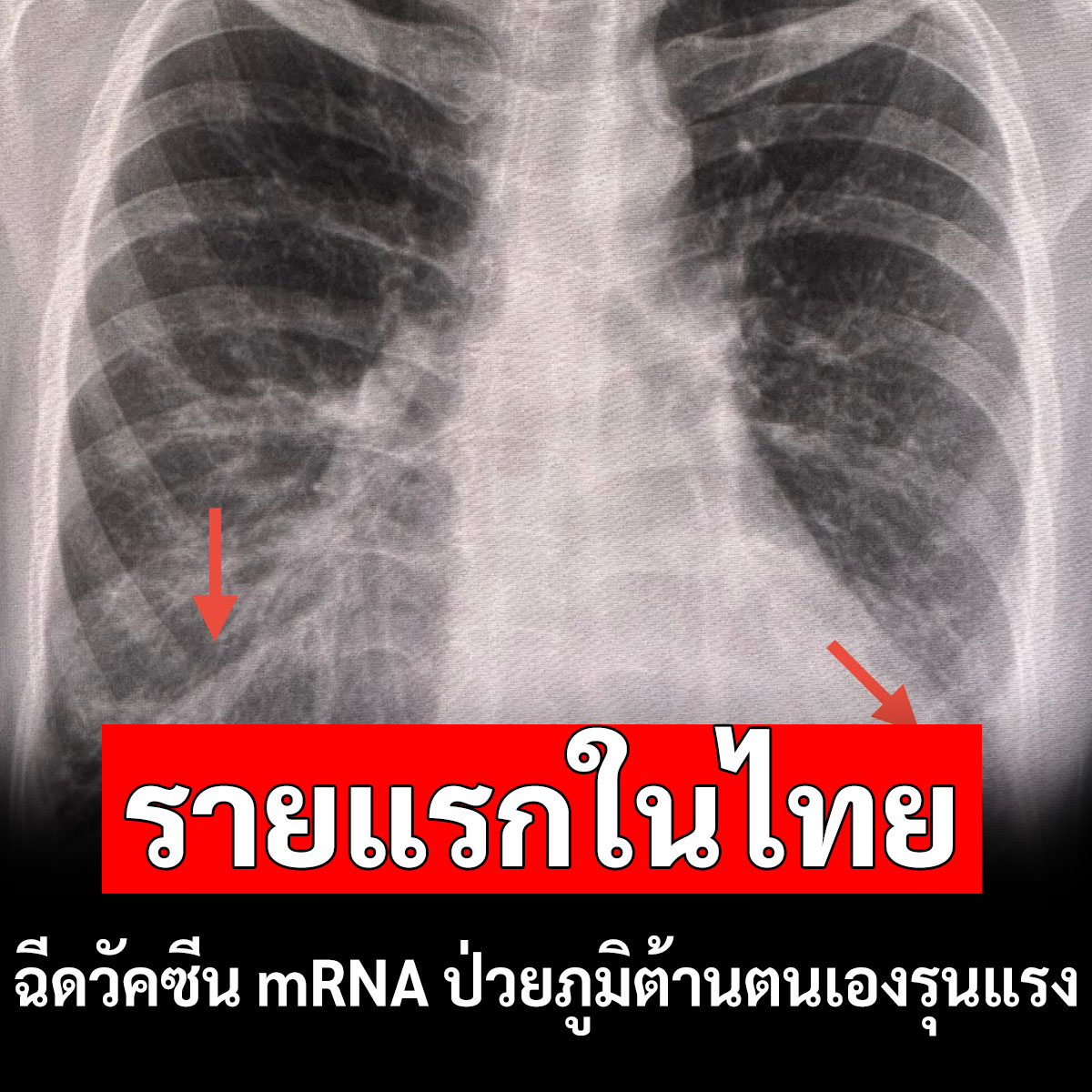 แนวหน้าออนไลน์ tweet media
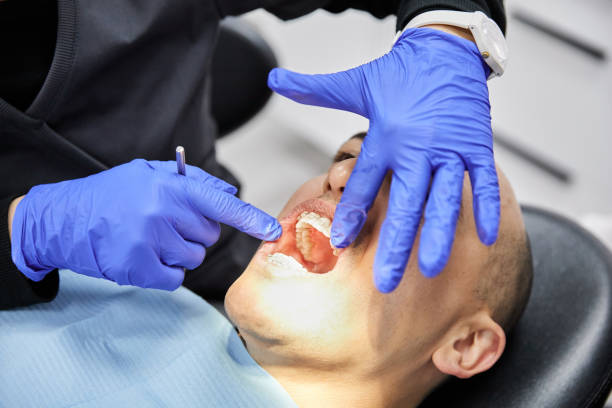Best Knocked-Out Tooth Emergency  in Minneola, FL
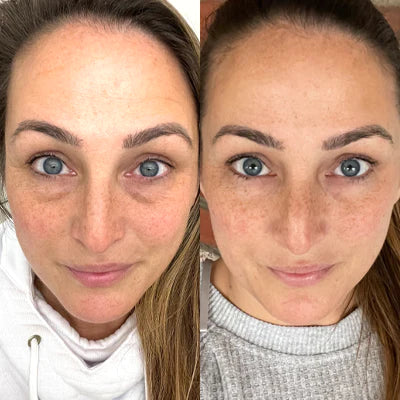 Alua™ Kollagenprotein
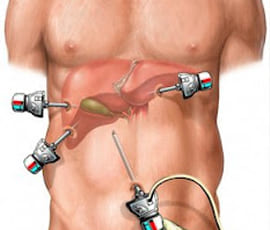 Colecistectomía laparoscópica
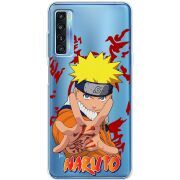 Прозрачный чехол BoxFace TCL 20L Plus Naruto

### [Work order]
Nothing but the lines from the one holding "Alua™ Kollagenprotein" through the final line of the entries should be retyped, exactly as they stand and without pictures.

### [Solution]
 Alua™ Kollagenprotein
 Colecistectomía laparoscópica
 Прозрачный чехол BoxFace TCL 20L Plus Naruto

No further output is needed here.